Project 6: Crackme Challenges

Expanded deep-dive guide for Project 6 from the Binary Analysis sprint.

Quick Reference

Attribute	Value
Difficulty	Level 2: Intermediate
Time Estimate	2-4 weeks
Main Programming Language	Assembly analysis, Python for keygens
Alternative Programming Languages	Any
Coolness Level	Level 4: Hardcore Tech Flex
Business Potential	1. The “Resume Gold”
Knowledge Area	Reverse Engineering / Password Bypass
Software or Tool	Ghidra, GDB, crackmes.one
Main Book	“Reversing: Secrets of Reverse Engineering” by Eldad Eilam

1. Learning Objectives

Build a working implementation with reproducible outputs.
Justify key design choices with binary-analysis principles.
Produce an evidence-backed report of findings and limitations.
Document hardening or next-step improvements.

2. All Theory Needed (Per-Concept Breakdown)

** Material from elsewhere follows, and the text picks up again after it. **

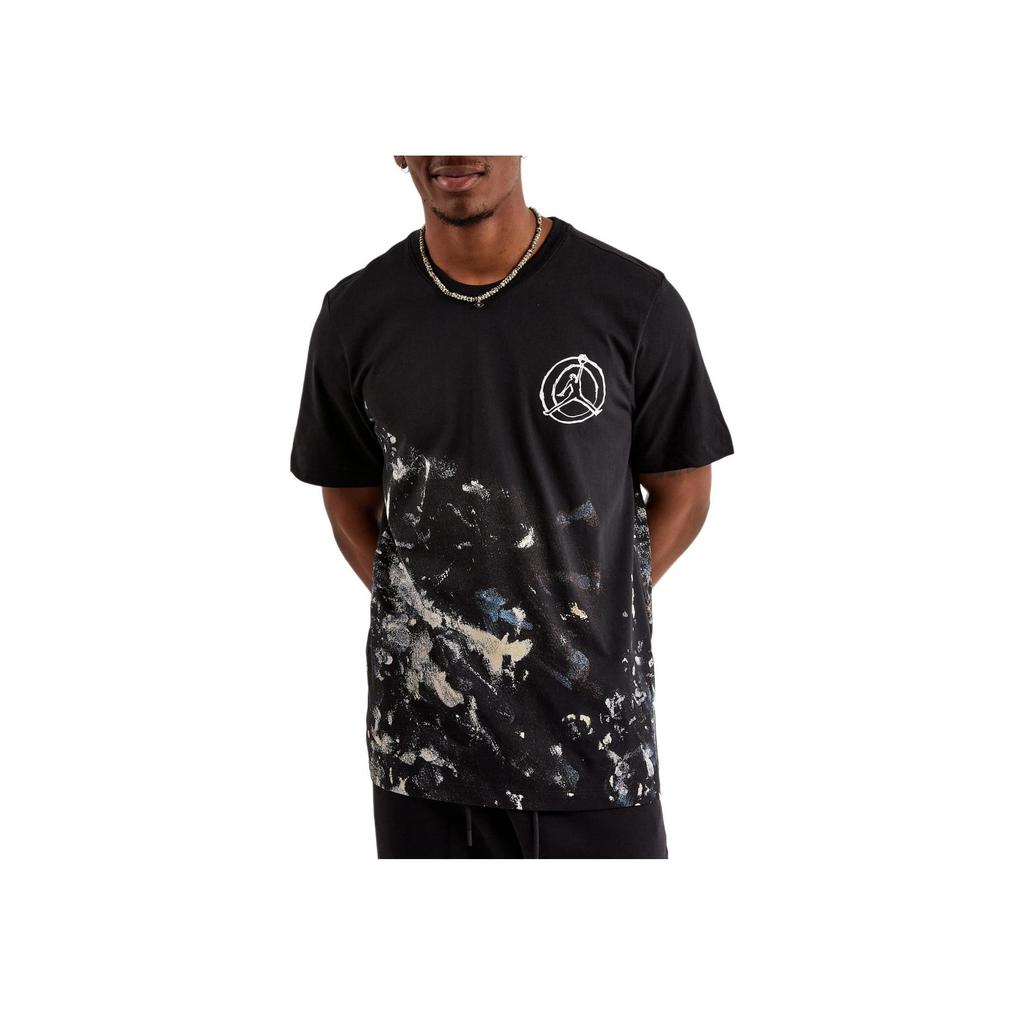 Jordan Pattern Print Round Neck Short Sleeve T-Shirt Unisex Tops Black FB7408-010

This project depends on concepts from the main sprint primer: loader semantics, control/data-flow recovery, runtime observation, and mitigation-aware vulnerability reasoning. Before implementation, restate the project’s core assumptions in your own words and define how you will validate them.

3. Project Specification

3.1 What You Will Build

Solve 10+ crackme challenges of increasing difficulty, learning patching, keygen writing, and anti-debugging bypass.

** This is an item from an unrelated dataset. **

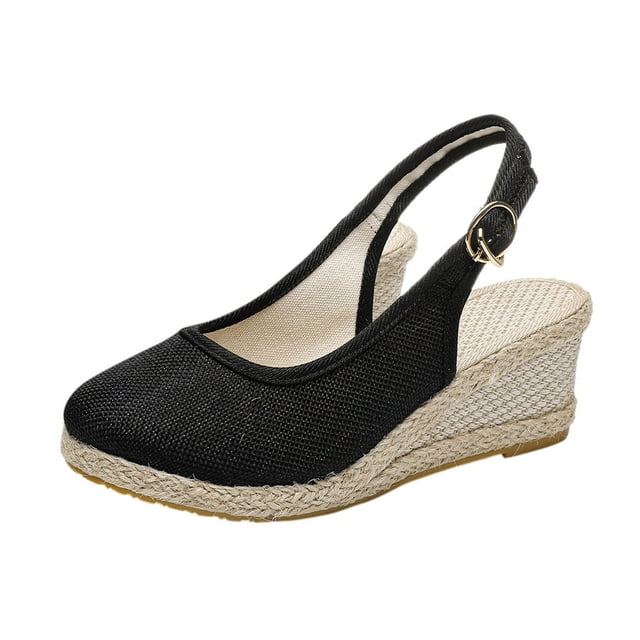 Sandale Espadrille à Talon Compensé à Bout Fermé pour Femmes, Style Mondain, à Bride Arrière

3.2 Functional Requirements

Accept the target binary/input and validate format assumptions.
Produce analyzable outputs (console report and/or artifacts).
Handle malformed inputs safely with explicit errors.

3.3 Non-Functional Requirements

Reproducibility: same input should produce equivalent findings.
Safety: unknown samples run only in isolated lab contexts.
Clarity: separate facts, hypotheses, and inferred conclusions.

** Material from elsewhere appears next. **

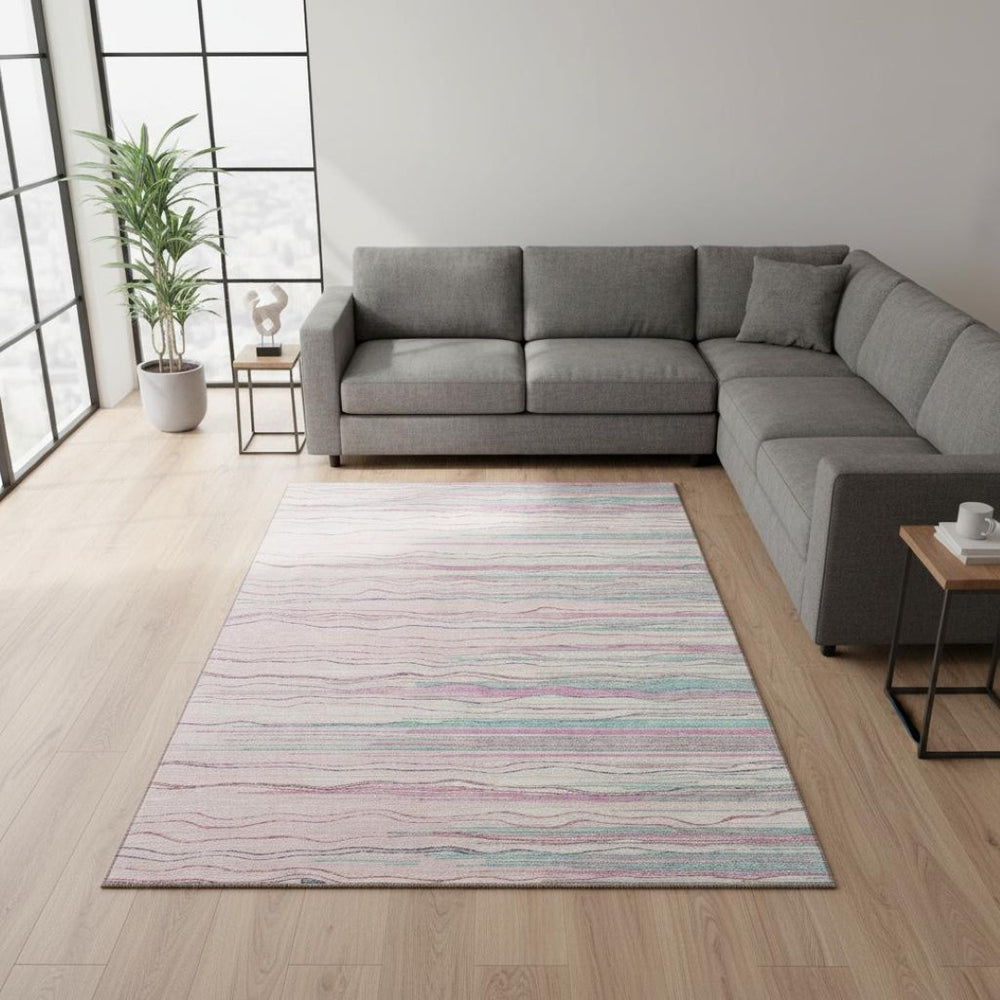 HomeRoots 9' X 12' Striped Pink, Gray, and Teal Washable Area Rug with UV Protection for Family Spaces 678400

3.4 Expanded Project Brief

File: P06-crackme-challenges.md
Main Programming Language: Assembly analysis, Python for keygens
Alternative Programming Languages: Any
Coolness Level: Level 4: Hardcore Tech Flex
Business Potential: 1. The “Resume Gold”
Difficulty: Level 2: Intermediate
Knowledge Area: Reverse Engineering / Password Bypass
Software or Tool: Ghidra, GDB, crackmes.one
Main Book: “Reversing: Secrets of Reverse Engineering” by Eldad Eilam

What you’ll build: Solve 10+ crackme challenges of increasing difficulty, learning patching, keygen writing, and anti-debugging bypass.

Why it teaches binary analysis: Crackmes are purpose-built learning tools. They teach you to find and understand password checks, then bypass them.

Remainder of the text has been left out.